However, I was slightly disappointed to see that the Hangover Chic they were referring to was a Korean trend that in no way resembles anything I look like when hungover or super tired.
HUH. I don’t know about you, but I kind of feel like it doesn’t really count as hangover makeup if you look like you remembered to wash your face before going to bed. I mean, hell. I don’t look that fresh faced when I wake up not hungover. I was hoping for more of a Marla Singer kind of thing involving smeary eyeliner, bloodshot eyes and hair going every which way, with an added dash “please kill me now and end my misery and/or give me more coffee.” Or at least something more closely resembling whatever it is I look like right now. A look which I like to refer to as “I woke up like this, and then added a fuckton more eyeliner.”
Still! It got me thinking! Hangover chic should totally be a real thing. Always. For everyone! Also, there should be other hot trends based on things that would be convenient for all of our lives, that we could all embrace as enthusiastically as I would have embraced a more legit seeming Hangover Chic.
1. Crow’s Feet
What It Says About You: That you have lived a full and happy life — so happy, in fact, that you do not give any fucks.
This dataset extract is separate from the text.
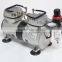 AS19 2015 Best Selling Products Mini Airbrush Compressor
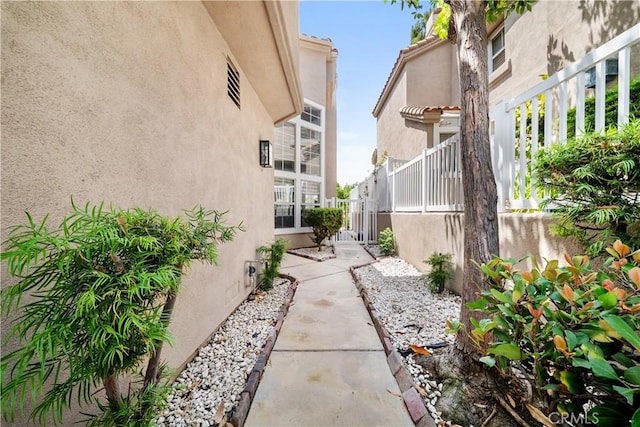3001 Wisteria Ln, Fullerton, CA 92833 - photo 2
Get The Look: Laugh a lot, cry a lot, give a lot of side-eye. Don’t inject your face with anything. If you don’t yet have them, squint your eyes, take a taupe liner and draw where the creases are and then blend away.
2. Coffee Stains
What It Says About You: You are a gal on the go, and you need some serious caffeine to keep up with your fast-paced lifestyle.
Get The Look: Make coffee while still half asleep, be late for something with no time to change. Alternately, bring coffee with you to work in car or on bus.
3. Black Clothing At Least Partially Covered In Cat/Dog Hair
What It Says About You: You have a pet that loves you.
Get The Look: Wear an entirely black outfit, wait for your pet to climb on top of you, and then be unable to find your lint brush anywhere.
4. Stretch Marks
What It Says About You: You are a human being, goddammit.
Get The Look: Gain weight, lose weight, go through puberty, give birth. Alternately, just draw some tiger stripes on your stomach or legs with a bright red marker!
5. Just One Earring
What It Says About You: “I’m going for a retro ’80s Madonna thing, okay?”
Get The Look: Lose one of your favorite earrings, wear the other one anyway.
6. Random patches of hair/one singular super long weird hair that magically sprung out of your face and/or boob within the last five minutes somehow.
You know, I was gonna just say body hair in general, because that sure would save us a lot of time and energy — but our foremothers tried that in the ’60s and it didn’t exactly take. What I propose instead is making a hot trend out of the random patches of hair that happen when you totally forget to shave one part of your leg somehow, or are already out of the house when you realize your eyebrows or upper lip could use a wax, but can’t do anything about it just then. Not to mention the random 8 foot long hairs that seemingly sprout instantaneously from nowhere.
What It Says About You: “I was far too busy contemplating the vastness of the universe to remember to wax my lip.”
Get The Look: Shave every part of your leg except for one part on your ankle, keep meaning to swing by the waxing place after work but then have better things to do.